Within the entries below, output exactly the lines between the line containing "Samsung Galaxy M33" and the line containing "Bob's Red Mill", inclusive, and omit any picture.

* RECORD EXCERPTS *
== Segment start ==

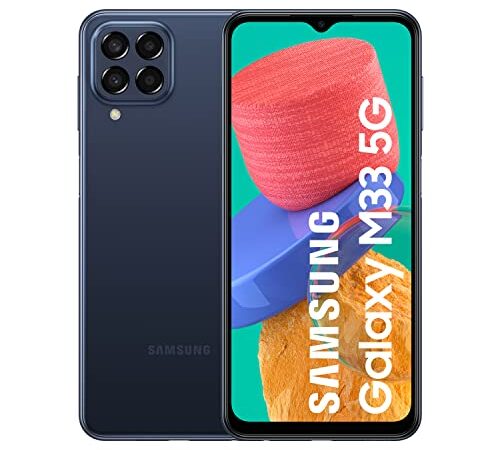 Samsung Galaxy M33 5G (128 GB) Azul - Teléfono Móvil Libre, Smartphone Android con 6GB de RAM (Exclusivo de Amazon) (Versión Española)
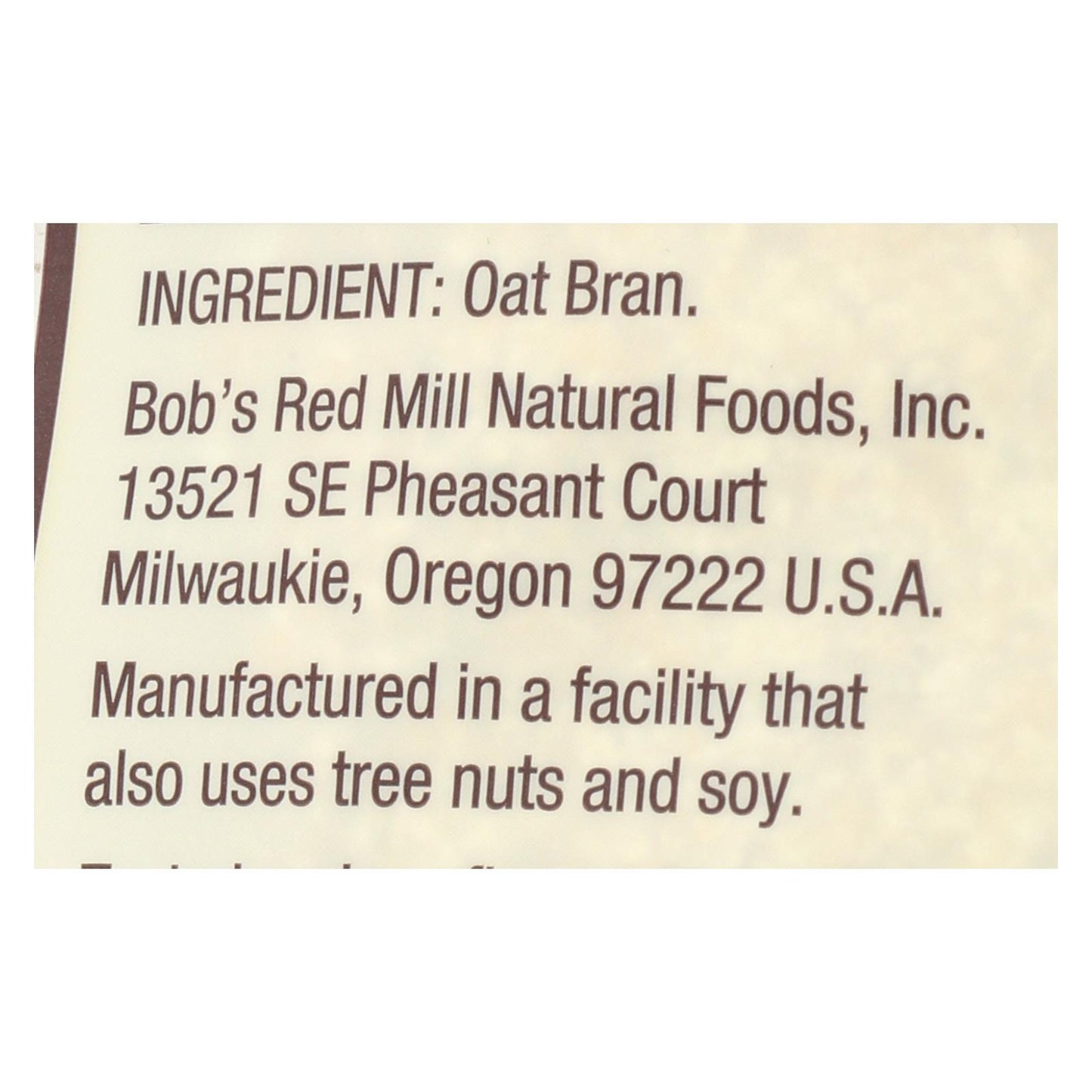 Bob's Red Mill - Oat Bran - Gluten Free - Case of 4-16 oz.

== Segment end ==
== Segment start ==

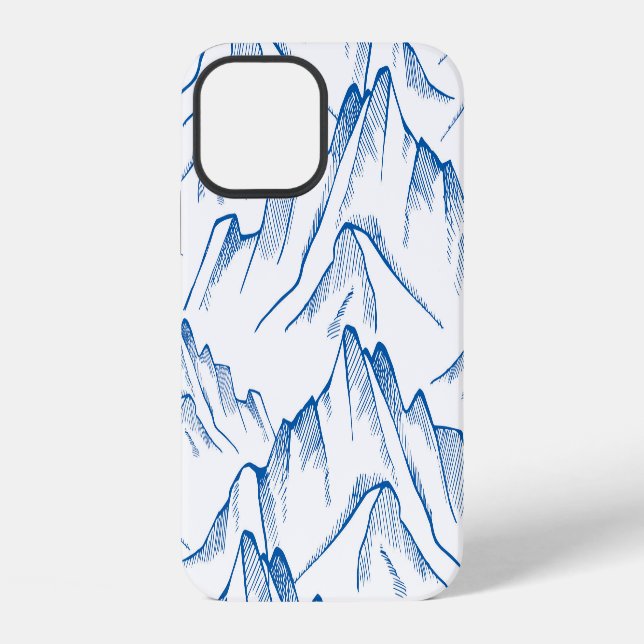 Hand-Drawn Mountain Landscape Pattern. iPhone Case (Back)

== Segment end ==

* RESPONSE BELOW *
 Samsung Galaxy M33 5G (128 GB) Azul - Teléfono Móvil Libre, Smartphone Android con 6GB de RAM (Exclusivo de Amazon) (Versión Española)
 Bob's Red Mill - Oat Bran - Gluten Free - Case of 4-16 oz.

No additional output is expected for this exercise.